Exploring Themes in English Language Teaching Publications in Iran’s Medical Education: A Content Analysis
Abstract
The present study explored the trajectories of themes in the English for Medical Purposes (EMP) studies in the Iranian medical education context. Informed with the frameworks of language planning, it juxtaposed the extracted themes with the pillars of English for Specific Purposes (ESP)-needs analysis, learning objectives, materials and methods, and evaluation. It explored the EMP themes in a corpus of 41 documents extracted from Google Scholar, Scopus, ISI, and PubMed databases. Then, the researchers performed a content analysis of the corpus based on a matrix incorporating the title, abstract, introduction, and discussion, keywords, and the field of expertise of the author(s) of the documents.
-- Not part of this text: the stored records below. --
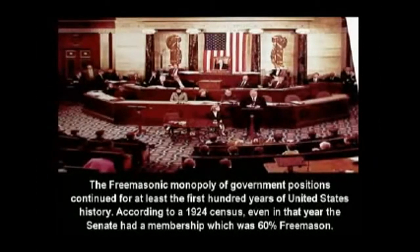The Freemasonic monopoly of government positions continued for at least the first hundred years of United States history, according to a 1924 census. Even in that year, the Senate had a membership which was 60% Freemason. But what worries me more is why, of all the symbols that you could possibly choose, the symbols for international fascism are there in the Senate room at the back.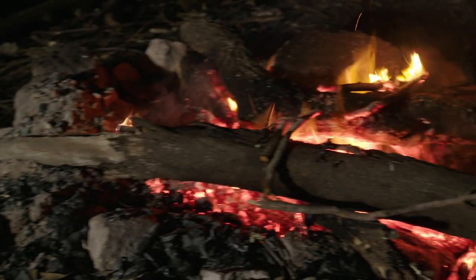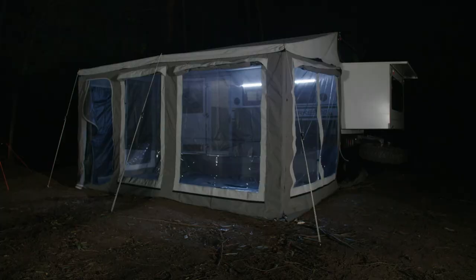Not only can Redvision monitor all of the systems in your camper trailer, it can control any device that's fitted to it as well. When you're out camping you don't want to stress about if your batteries are charged or if you've forgotten to turn the lights off as you climb into bed.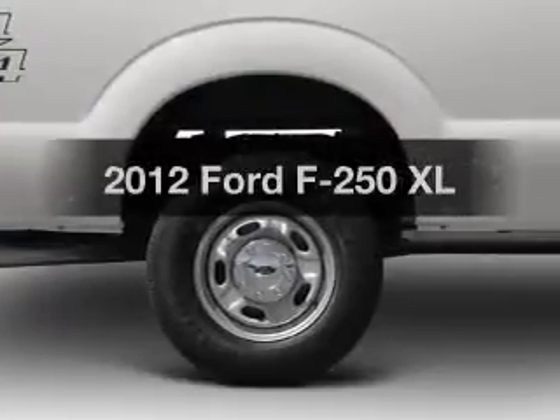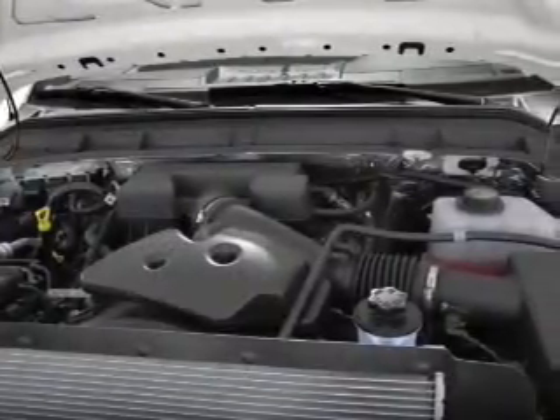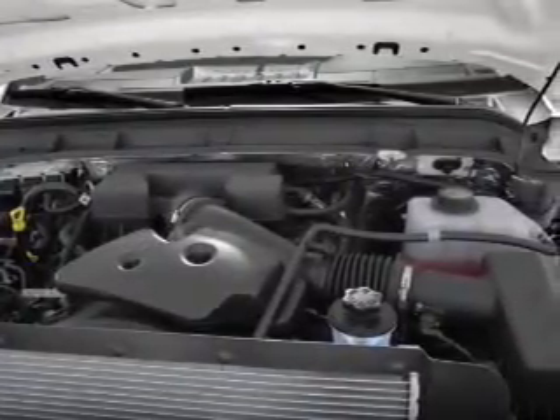Introducing the 2012 Ford F-250. If you're looking for an automobile with great attributes, look no further. With a powerful 8-cylinder engine connected to a smooth-shifting 6-speed automatic transmission, brake safely with the anti-lock braking system.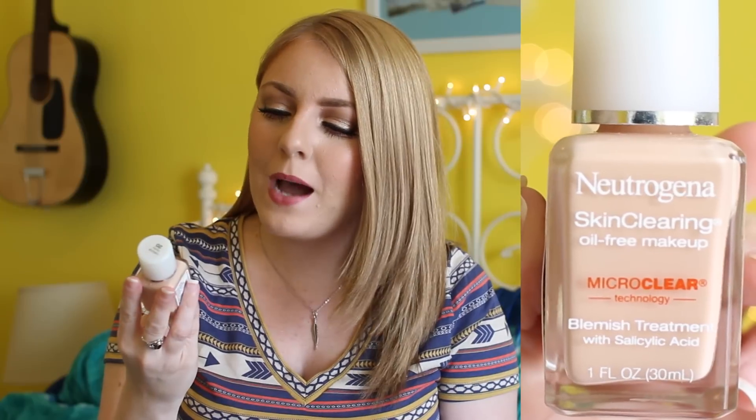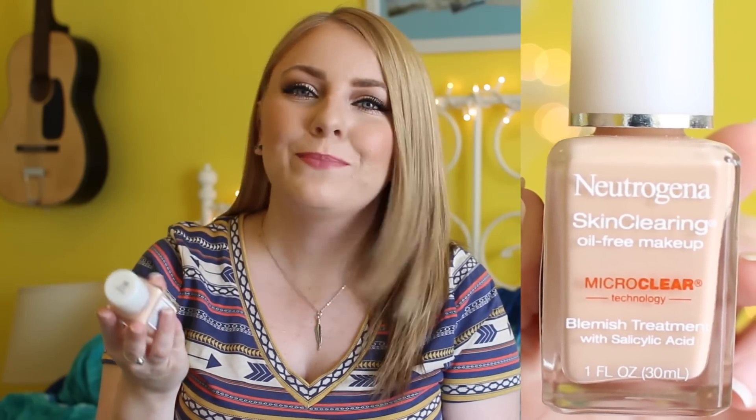It's the Skin Clearing Oil-Free Makeup Micro Clear Technology Blemish Treatment Foundation. I am in the second shade, which is Natural Ivory 20. I have been absolutely loving this foundation — it hasn't been making my skin really oily, which I like, and I hope that it's been helping with my acne. That's kind of why I purchased it, because it said it's good for acne and oily skin, and I have both, so I definitely recommend trying this foundation out.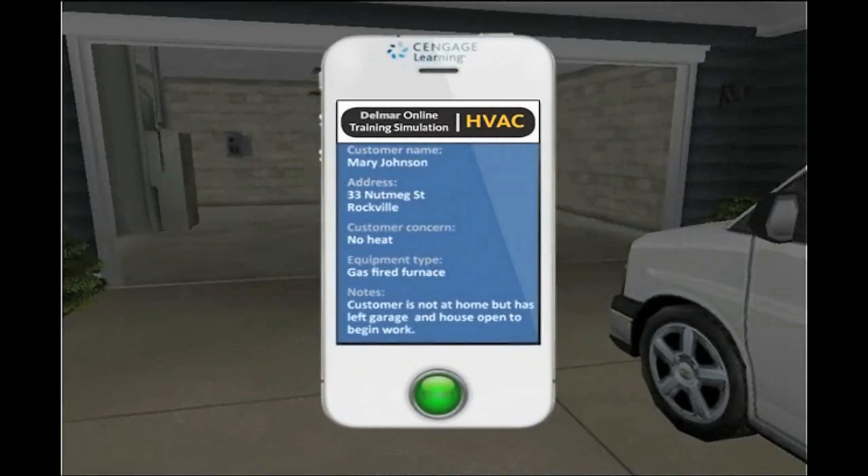It's 3D and immersive, so they really get a life-like experience when they're in the troubleshooting simulation. They get a repair summary, and their real goal is to repair the equipment at the right price in as little time as possible. The sim begins with the student getting a service call on their cell phone.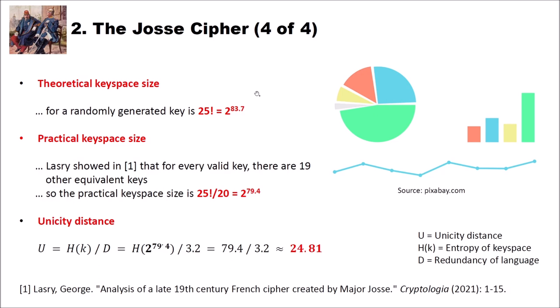Now let's look at the key space size and unicity distance. The theoretical key space size for the JOS cipher with a randomly generated key is 25 factorial — because for the first position we have 25 letters to choose from, then 24, then 23, and so on. This equals approximately 2 to the power of 83.7. However, George Leslie showed that for every valid key there are 19 other equivalent keys, so the practical key space must be divided by 20, giving 25 factorial divided by 20, approximately 2 to the power of 79.4.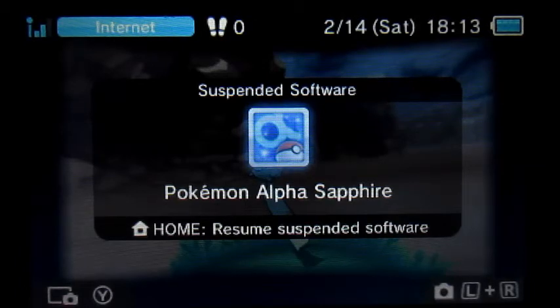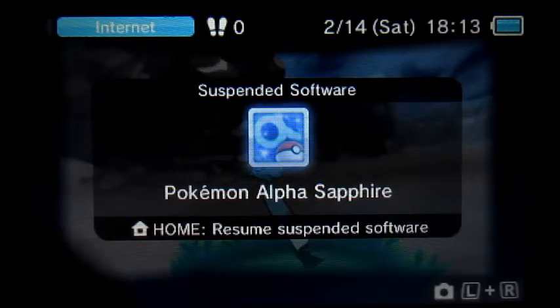Hey guys, KankusKid18 here. I'm on a DexNav chain of exactly 200, and I just found the next Pokemon for my living Shiny Dex.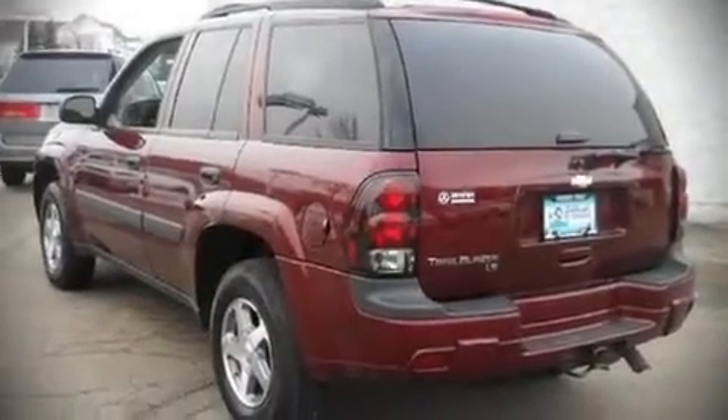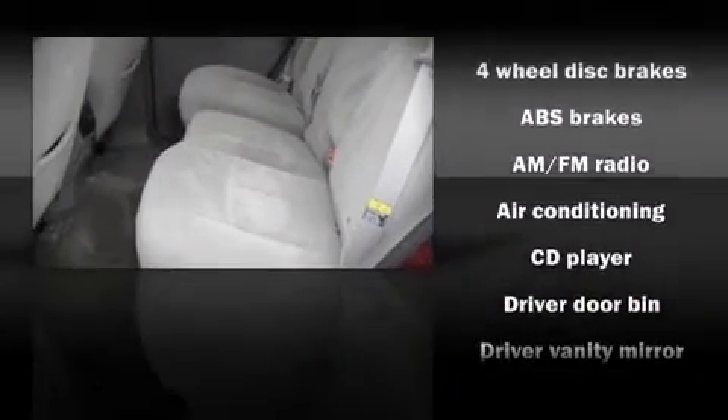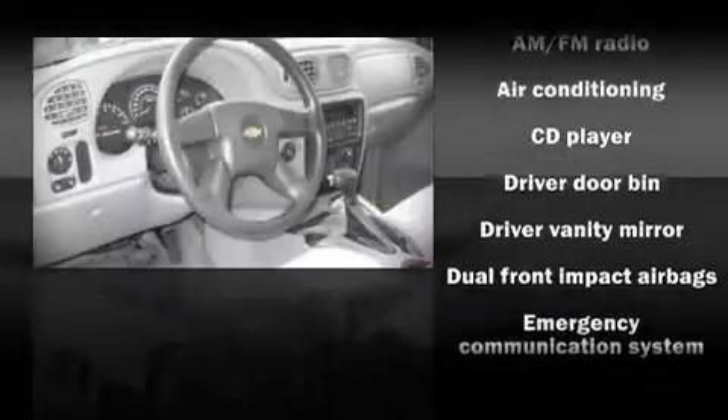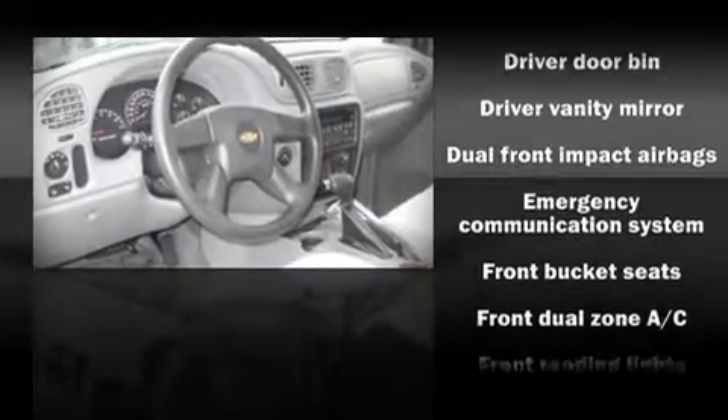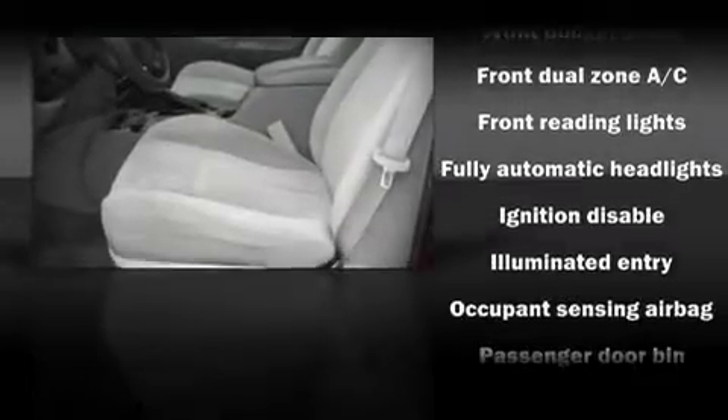Additional features include automatic temperature control, a tilt steering wheel, and power windows. Audio features include a CD player with AM/FM radio and six speakers, enhancing the audio experience throughout the interior.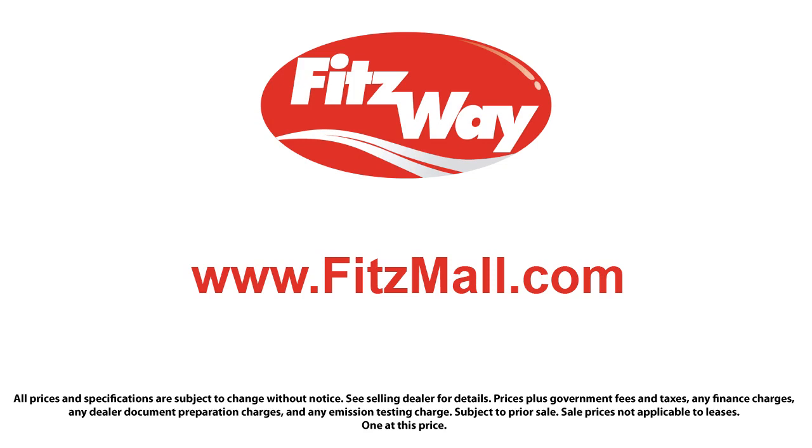The Fitzway puts the customer first with honesty, respect, and a total commitment to customer satisfaction. That's the Fitzway.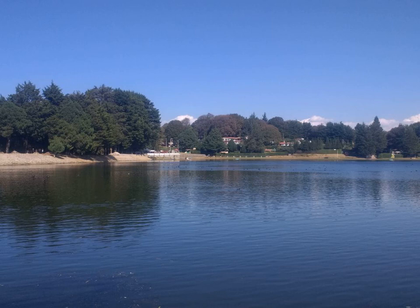The erect frond of dulse grows attached by its discoid holdfast and a short inconspicuous stipe, epiphytically onto the stipe of Laminaria or to rocks. The fronds are variable in color from deep rose to reddish purple and are rather leathery in texture.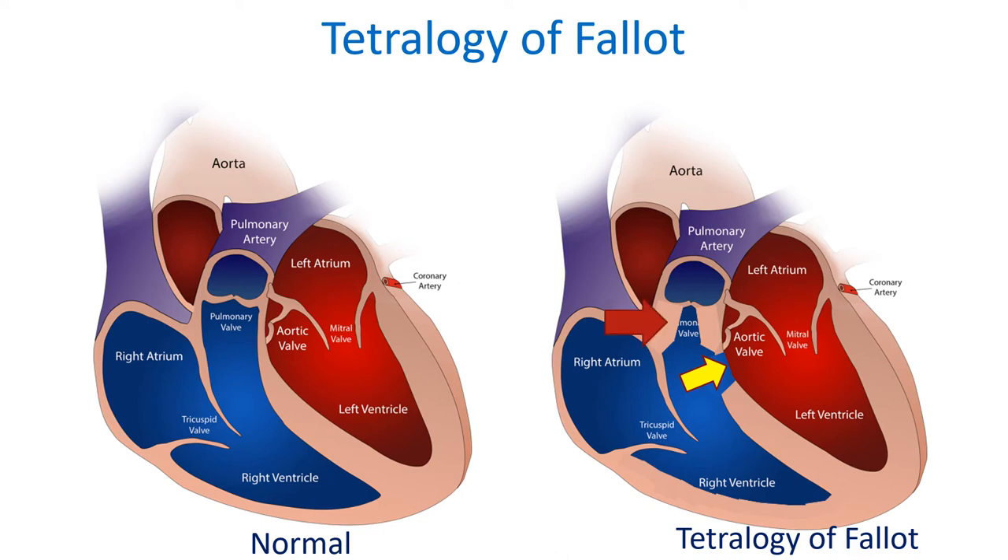The second defect is obstruction to flow of blood from the right ventricle to the lungs. The third defect is thickening of the wall of the right ventricle. The fourth defect is overriding of the aorta — the large blood vessel carrying oxygenated blood to the whole body — over the ventricular septal defect.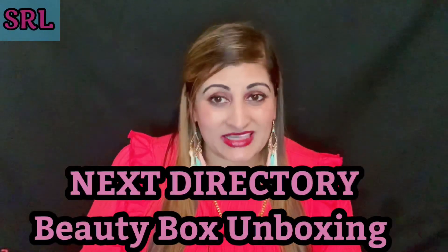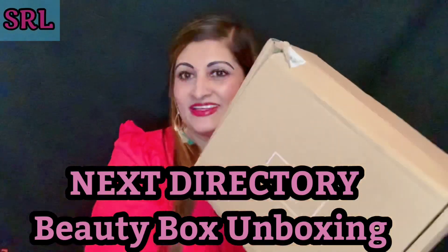This heel keeps on bugging me, but apart from that I'm fine. Today we are doing an unboxing of a different kind — a very first on my channel. I've never unboxed from this company before. I got a beauty box from Next Directory, and it's all tampered and ripped but it's a really massive big box.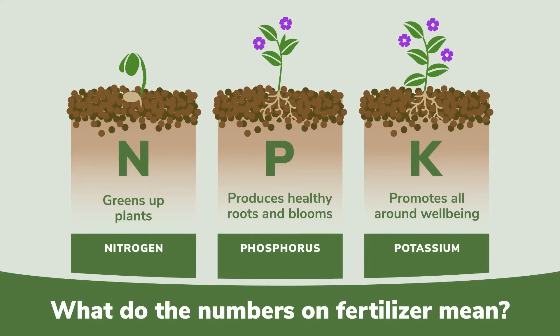K, or potassium, helps with all-around plant health, helping plants to resist pests and disease, and it impacts overall plant quality.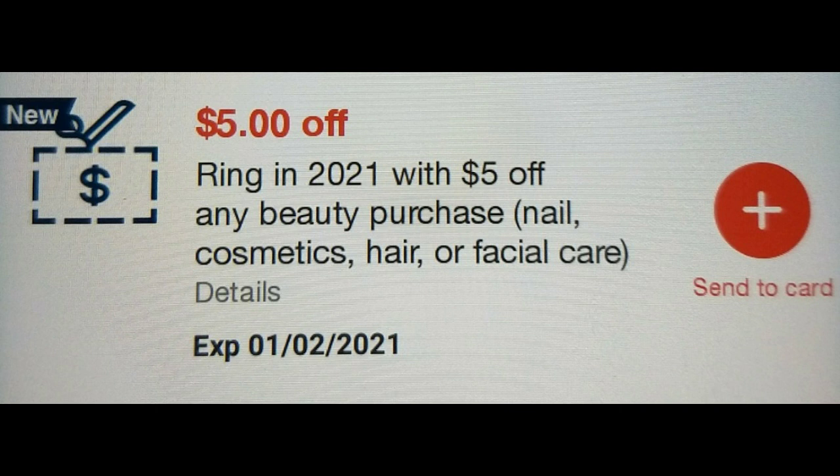So make sure to check your app to see if you have this and make sure to send it to your cart right away before it disappears. You have to go on your app to do this because if you go on your desktop, you will not see this coupon. This may be only for select accounts, so not everyone may have this, so make sure to check just to make sure.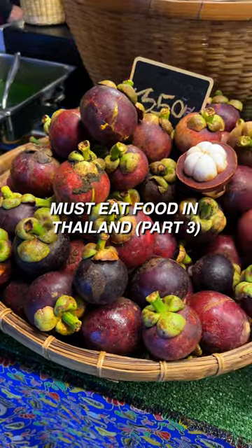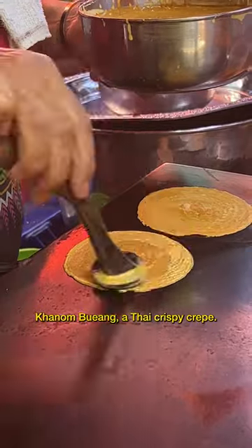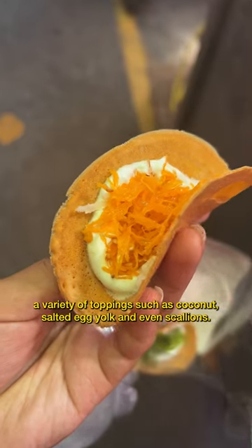Much Try Food in Thailand Part 3. If you're looking for a sweet treat, then you have to try khanom biang, a Thai crispy crepe. They're made with a fluffy marshmallow-like cream and include a variety of toppings such as coconuts, salted egg yolk, and even scallions.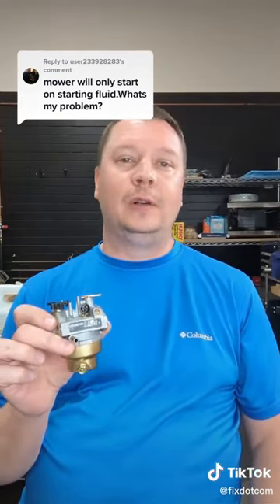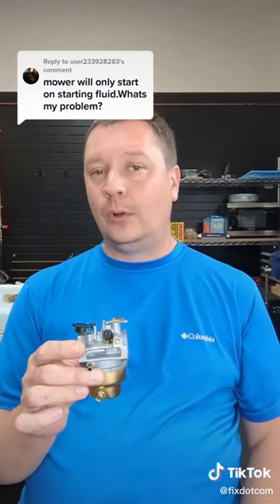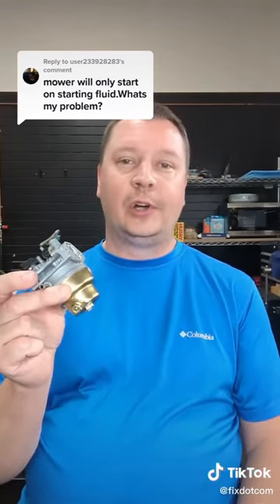It's the first thing I usually look at when anything comes into the shop. There are a lot of tiny passages inside of them that will tend to get gummed up, especially if you've let the tool sit without running it for a long time. That'll gum up those passages as the fuel turns into a varnish. First thing — look at your carb.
The analysis revealed the themes of learners’ need analysis, language skills, learning strategies, cognitive and affective variables, teaching methodology, teaching materials, material evaluation, use of technology, evaluation of learners and learning, program evaluation, and evaluation of instructors. The juxtaposition of the themes with the mainstream pillars showed that although there was a match between the themes and the pillars, the size of the themes falling under each pillar differed. While utilizing technology and affective variables were the most frequent themes, learning materials, language skills, and learner variables were the least frequent ones. Most of the themes matched with the learning objectives pillar; the needs analysis pillar, on the other hand, had the fewest number of the themes. Notable gaps, particularly in the areas of instructors' needs, administrative needs, learner variables, and instructor variables were discovered. The study also showed that EMP research predominantly focuses on English for medical academic purposes (EMAP) in the absence of studies on English for Medical Occupational purposes (EMOP). The findings have implications for EMP research, policy setting, teacher education, and materials development, providing guidance for future research endeavors and contributing to the enhancement of English language education in the field of medical sciences.